There are several ways to find the nth prime number in java but we follow the simple way **using Sieve of Eratosthenes**

**For Example:**

**import java.util.*; **

public class NthPrimeNumber

{

public static void main (String[] args)

{

// Instantiates variable n

int n = 500;

// LinkedList is a container to save

// all the prime number less than 500

LinkedList ll = new LinkedList();

boolean [] prime_arr = new boolean[n];

for(int p = 0; p < n; p++)

prime_arr[p] = true;

for (int q = 2; q * q < n; q++)

{

// If it is a prime then check for its

// multiples

if (prime_arr[q] == true)

{

// It marks all multiples of q and less

// than q^2

for (int p = q * q; p < n; p=p+q)

prime_arr[p] = false;

}

}

// This LinkedList contains all the

// prime number less than 500

for (int q = 2; q < n; q++)

if (prime_arr[q] == true)

ll.add(q);

System.out.println("All Prime less than 500: "+ll);

// To find any nth prime number less than 500

// starting from the 1st prime number to

// 95th prime number

System.out.println("1st prime number is " +

ll.get(0));

System.out.println("2nd prime number is " +

ll.get(1));

System.out.println("94th prime number is " +

ll.get(93));

System.out.println("95th prime number is " +

ll.get(94));

}

}

Output:

All Prime less than 500: [2, 3, 5, 7, 11, 13, 17, 19, 23, 29, 31, 37, 41, 43, 47, 53, 59, 61, 67, 71, 73, 79, 83, 89, 97, 101, 103, 107, 109, 113, 127, 131, 137, 139, 149, 151, 157, 163, 167, 173, 179, 181, 191, 193, 197, 199, 211, 223, 227, 229, 233, 239, 241, 251, 257, 263, 269, 271, 277, 281, 283, 293, 307, 311, 313, 317, 331, 337, 347, 349, 353, 359, 367, 373, 379, 383, 389, 397, 401, 409, 419, 421, 431, 433, 439, 443, 449, 457, 461, 463, 467, 479, 487, 491, 499]

1st prime number is 2

2nd prime number is 3

94th prime number is 491

95th prime number is 499

In the above code, we can find any nth prime number less than 500 and starting from the first prime number(1st prime number) to 95th prime number. If you want to calculate any other nth prime number greater than 95th prime number(i.e. If you expect any nth prime number greater than 500) then you can achieve this by increasing the size of n.

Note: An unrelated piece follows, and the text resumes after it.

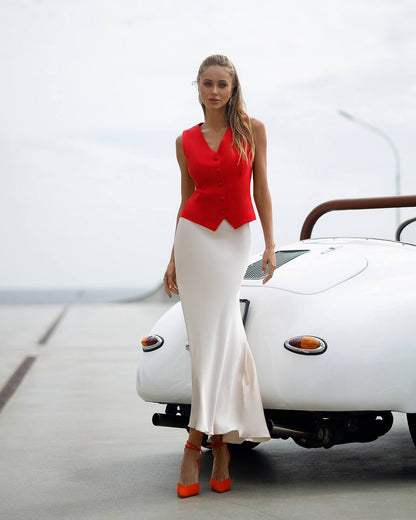 Woman in a red top and white skirt standing next to a vintage car.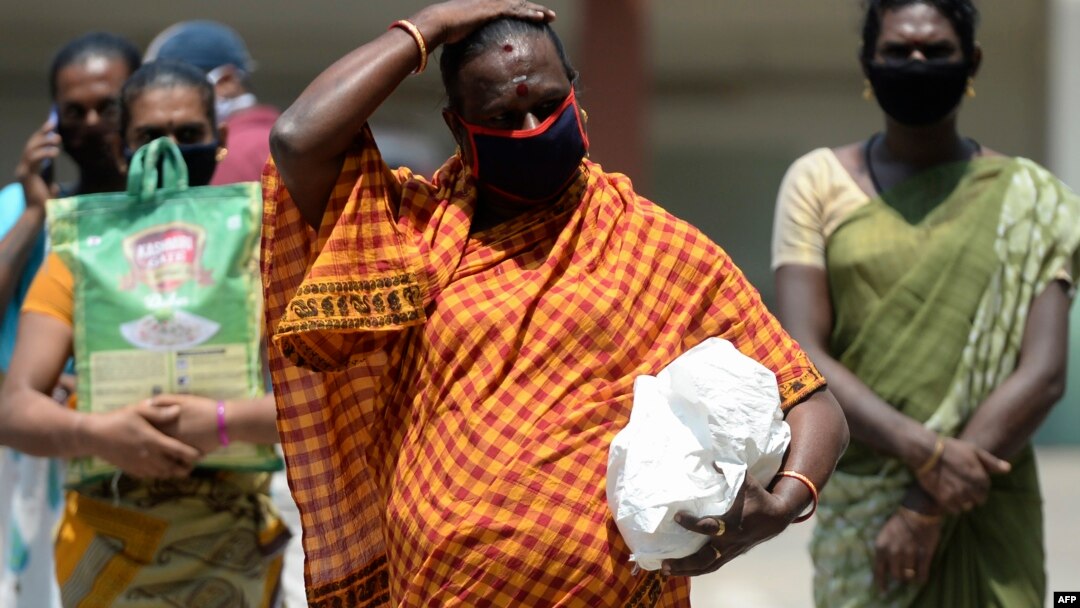 Sejumlah transgender berjalan sambil menjaga jarak aman ketika menerima bantuan makanan gratis di tengah pemberlakuan karantina wilayah untuk mencegah penyebaran Covid-19 di Chennai, India, 1 Mei 2020. (Foto: AFP)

The Sieve of Eratosthenes algorithm is used to calculate the nth prime number starting from 1st prime number to 95th prime number and it is used to optimize the code of finding nth prime number and the methodology are given below:

In the first step, we have a list of n integers and here the value of n = 500 and the elements starting from 2 so the list elements are [2,3,4,5…………..500] and the element 1 is not included because it is not a prime.

In the second step, we pick a first element from the list i.e. (2) and then check for prime. If it is prime then we cross or mark all the multiples of the prime number 2 in the list because any multiple of the prime number 2 is not a prime. So all the multiples of 2 in the list are [4,6,8,10,12,14,16,18,20,22,24,26,28,30,32,34,36,38,40,42,44,46,48,50,52,54,56,58,60,62,64,66,68,70,72,74,76,78,80,82,84,86,88,90,92,94,96,98,100,102,104,106,108,110………496,498,500]. The modified List is [2,3,5,7…………495,497,499].

In the third step, we pick a next available element from the list i.e. (3) and then check for prime. If it is prime then we cross or mark all the multiples of the prime number 3 in the list because any multiple of the prime number 3 is not a prime. So all the multiples of 3 in the list are [6,9,12,15,18,21,24,27,30,33,36,39,42,45,48………...495]. The modified list are [2,3,5,7,11……….493,497,499] and next we pick a number from the list i.e. (5) and the process repeats again and again till the second multiples of any prime number whose values are greater than any number in the list.

For Example: when we pick 251 from the list and it is a prime number and all the multiples of 251 are greater than 500 which is not in the list. So our search was completed at 251.

In the last step, The final modified list are [2,3,5,7,11,13,17,19,23,29………...497,499] and all the elements contains in the list are prime elements and the element points at the last index in the list are nth element (i.e. the last element in the list are nth element that is prime).